Je vais finir, non pas sans vous dire mon cher et bien tendre ami que je vous aime à la folie et que jamais jamais je ne puis être un moment sans vous adorer.
[I will not finish without telling you my dear and tender friend that I love you to madness and I can never never exist for a moment without adoring you.]
Thus Marie-Antoinette, Queen of France, concluded a letter to the Swedish nobleman Axel Fersen, on the 4th of January 1792. Rumours of an affair between the two were rife even in their lifetimes. Miklós Bánffy clearly believed them: the forbidden love between the queen and Fersen forms the subject of his poignantly painful short story Danse Macabre (included in Somerset Books’ collection The Monkey and other stories – details»). It is only now, thanks to research conducted by scientists at the Sorbonne and published earlier this month in Science Advances, the open-access journal of the AAAS (American Association for the Advancement of Science), that the full texts of Marie-Antoinette’s letters to Fersen have been revealed.

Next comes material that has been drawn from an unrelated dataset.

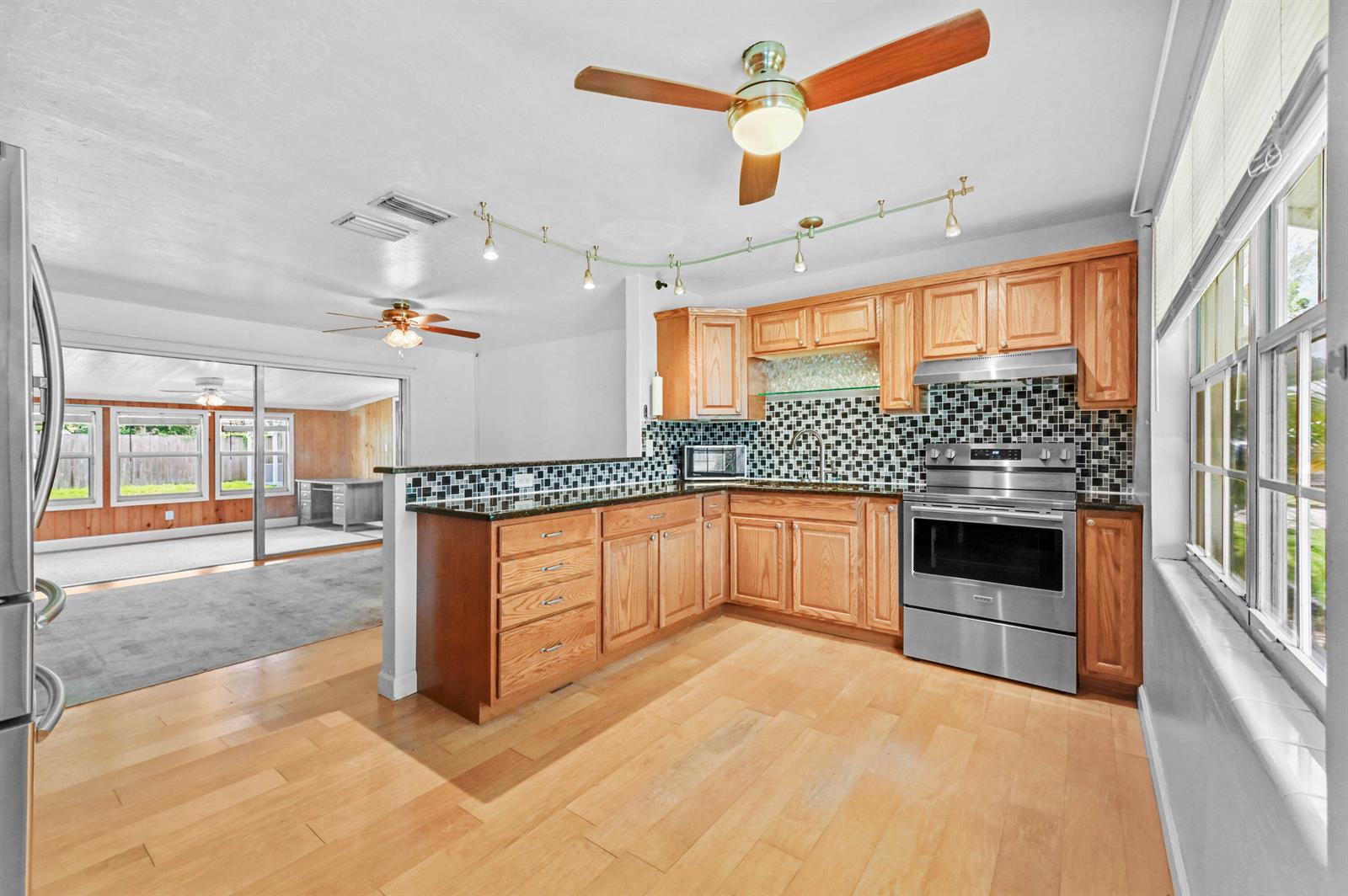 A kitchen with wood cabinets, stainless steel appliances, and a mosaic tile backsplash — 5709 SE Indigo Avenue, Stuart FL 34997, STUART, FL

In late June 1791, after a failed attempt to flee Paris (an escape bid which Fersen had partly orchestrated), the French royal family were placed under house arrest in the Tuileries. There they remained until the late summer of 1792 and it is from there that Marie-Antoinette wrote to her tendre ami. Those letters remained in Fersen’s family until forty years ago, when they were sold to the French National Archives. Because their content is sensitive—politically as well as personally—someone went through the letters and expunged any potentially compromising sections by carefully covering them with swirls of thick black ink, rendering them completely illegible. Until now, that is.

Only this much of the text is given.